_TASK TO COMPLETE_: Exact wording is needed for every line from the one holding "Акции в Пятерочке" to the end of the records below; write those lines out and omit the pictures.

_RECORDS PROVIDED_:
------
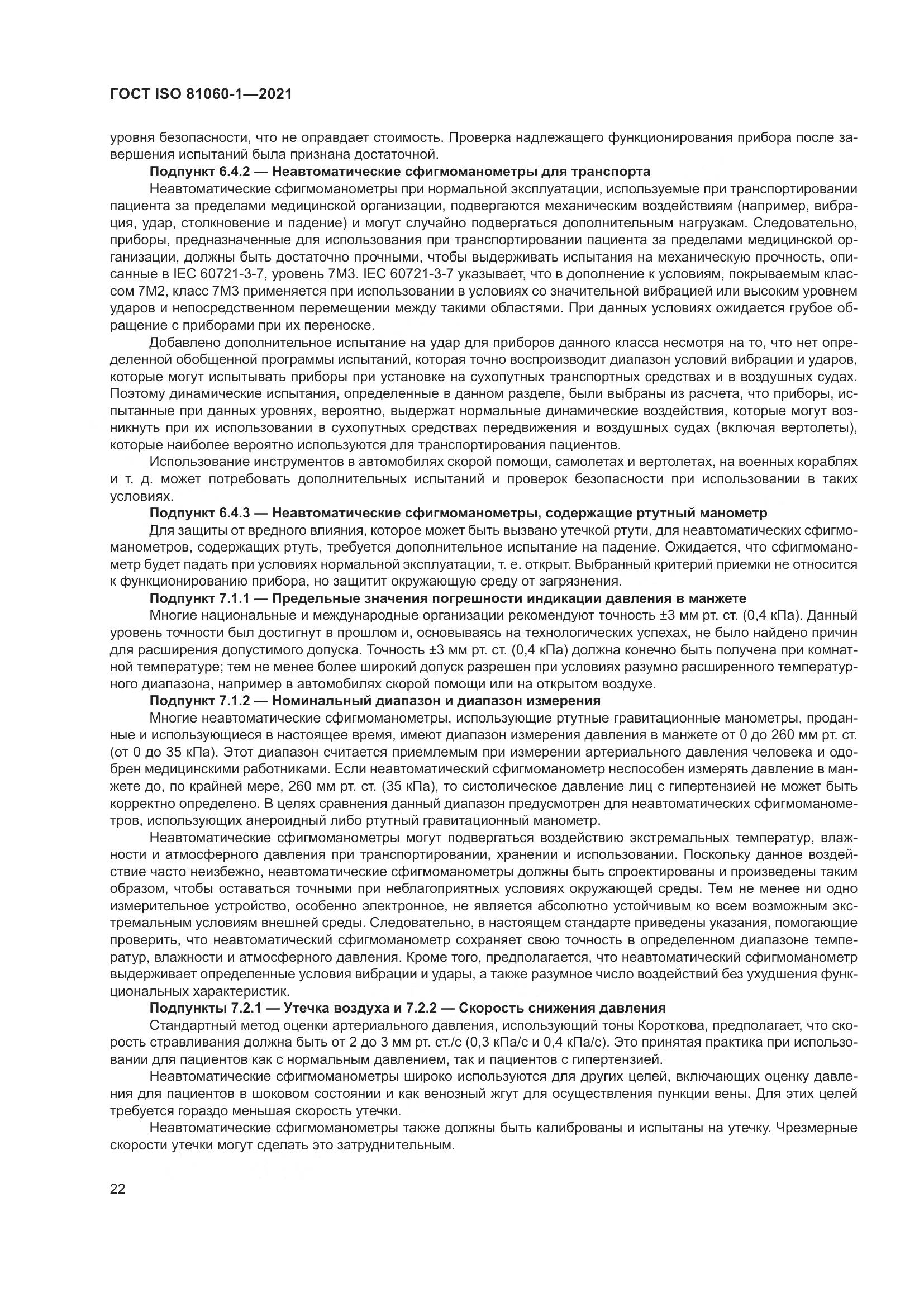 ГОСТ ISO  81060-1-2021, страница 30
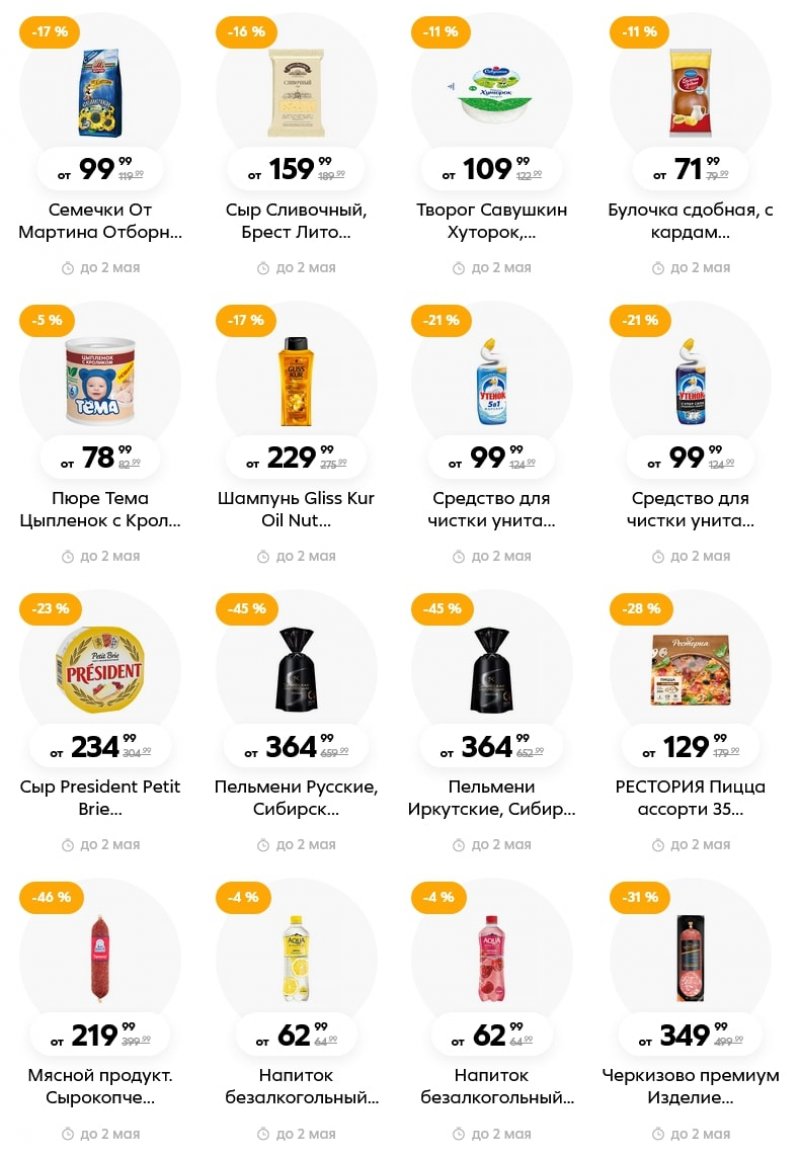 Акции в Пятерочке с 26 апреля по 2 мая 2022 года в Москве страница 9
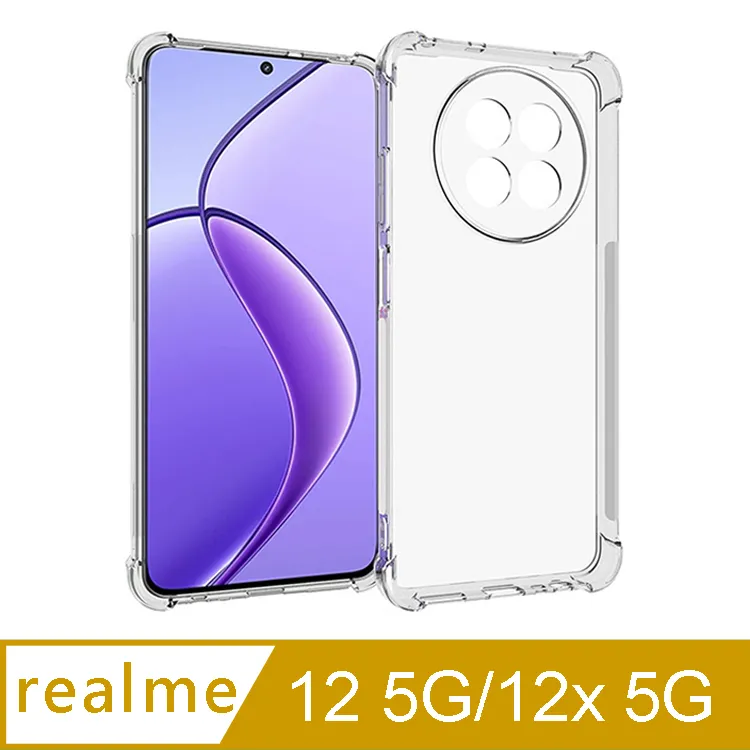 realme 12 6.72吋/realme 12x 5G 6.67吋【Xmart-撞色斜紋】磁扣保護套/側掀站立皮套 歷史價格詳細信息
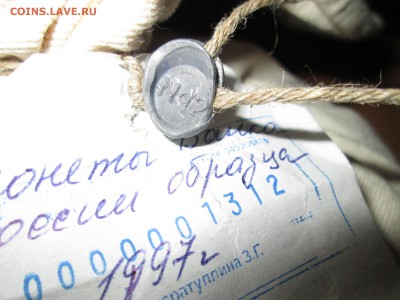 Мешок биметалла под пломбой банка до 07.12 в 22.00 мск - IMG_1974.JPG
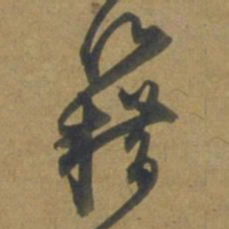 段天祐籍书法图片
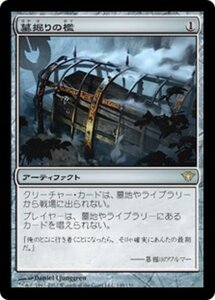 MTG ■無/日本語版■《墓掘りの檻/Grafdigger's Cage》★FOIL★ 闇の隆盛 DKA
------
_RESPONSE_:
 Акции в Пятерочке с 26 апреля по 2 мая 2022 года в Москве страница 9
 realme 12 6.72吋/realme 12x 5G 6.67吋【Xmart-撞色斜紋】磁扣保護套/側掀站立皮套 歷史價格詳細信息
 Мешок биметалла под пломбой банка до 07.12 в 22.00 мск - IMG_1974.JPG
 段天祐籍书法图片
 MTG ■無/日本語版■《墓掘りの檻/Grafdigger's Cage》★FOIL★ 闇の隆盛 DKA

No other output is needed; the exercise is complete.